That is the right default attitude.
Intermediate Workflow: How People Move Past One-Off Prompts
This is where Codex starts becoming a real system instead of a novelty.
Use one thread per task
OpenAI explicitly warns against using one giant thread per project.
That leads to bloated context and worse results over time.
Use one thread per coherent task. If the work branches, fork the thread.
Useful session controls from the docs:
-
/forkto branch the conversation while keeping context -
/compactwhen the thread is getting long -
/resumeto pick work back up -
/statusto inspect the current session state
Review inside the workflow
Codex supports review loops, not just code generation.

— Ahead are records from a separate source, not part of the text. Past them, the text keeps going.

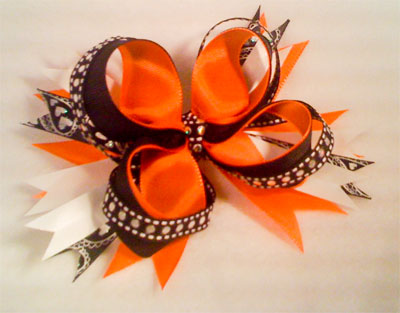 leukemia support hair bow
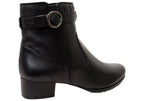 Delinat Womens Extra Wide Fit Comfortable Leather Ankle Boots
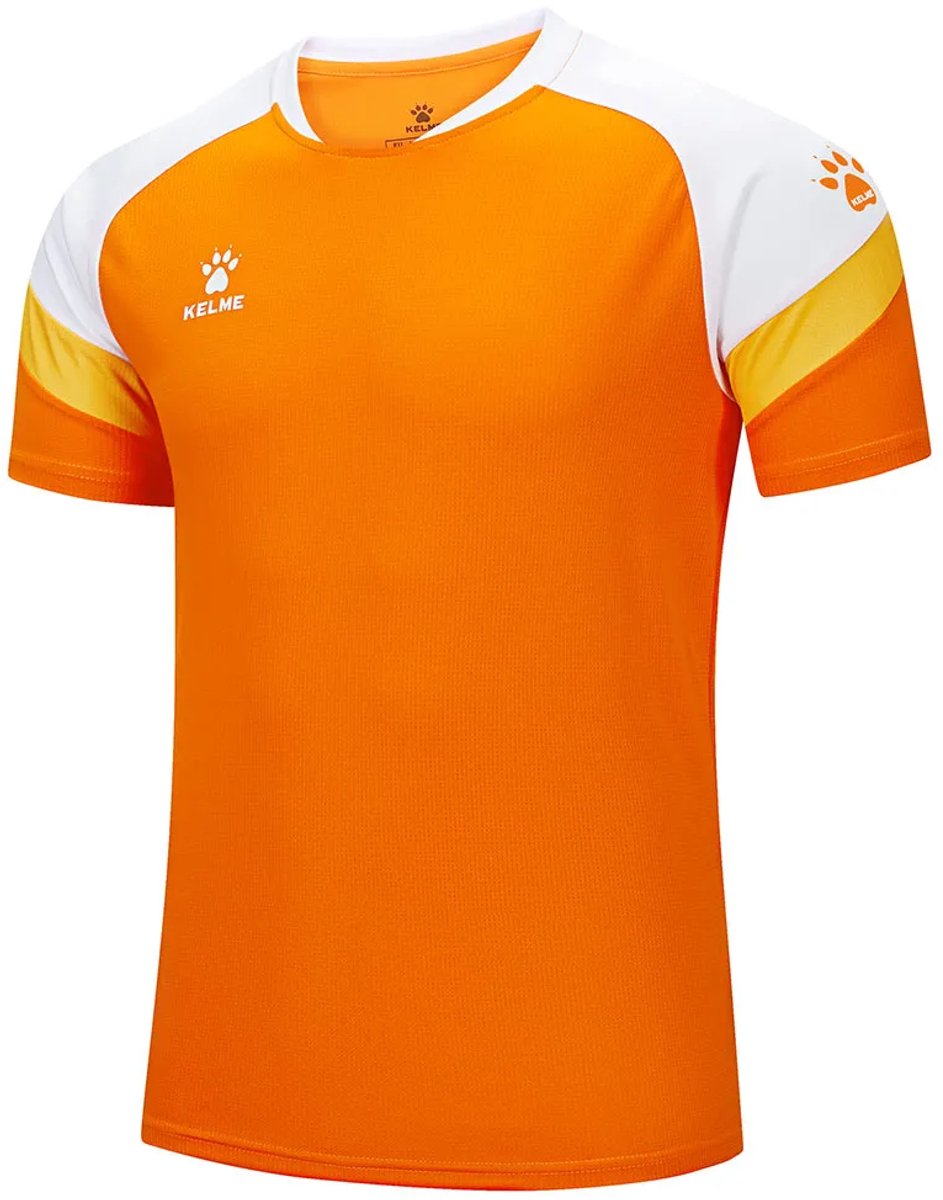 Kelme Football T-shirt Met Korte Mouwen Oranje M Man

OpenAI documents /review for reviewing a branch, commit, or uncommitted changes. That is worth using, especially after larger diffs.
A strong pattern is:
- Ask Codex to implement
- Ask Codex to run checks
- Ask Codex to review its own diff against your repo rules
- Then do your human review
Keep verification explicit
If your project has specific commands, put them in AGENTS.md and repeat them in the prompt when needed.
For example:
After the change, run `pnpm test auth`, then `pnpm lint`, then review the diff for auth regressions.
Codex is much more reliable when it can see the finish line.

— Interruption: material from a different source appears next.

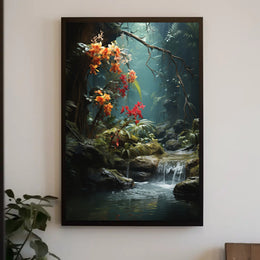 Rainforest Serenity National Park Poster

Advanced Workflow: Worktrees, Subagents, MCP, Skills, Automations
This is where Codex gets genuinely powerful.
1. Worktrees for parallel work
OpenAI's worktree docs are one of the most practical parts of the whole Codex stack.
Worktrees let Codex run multiple independent tasks in the same project without interfering with each other. The docs frame Local as your foreground workspace and Worktree as a background workspace.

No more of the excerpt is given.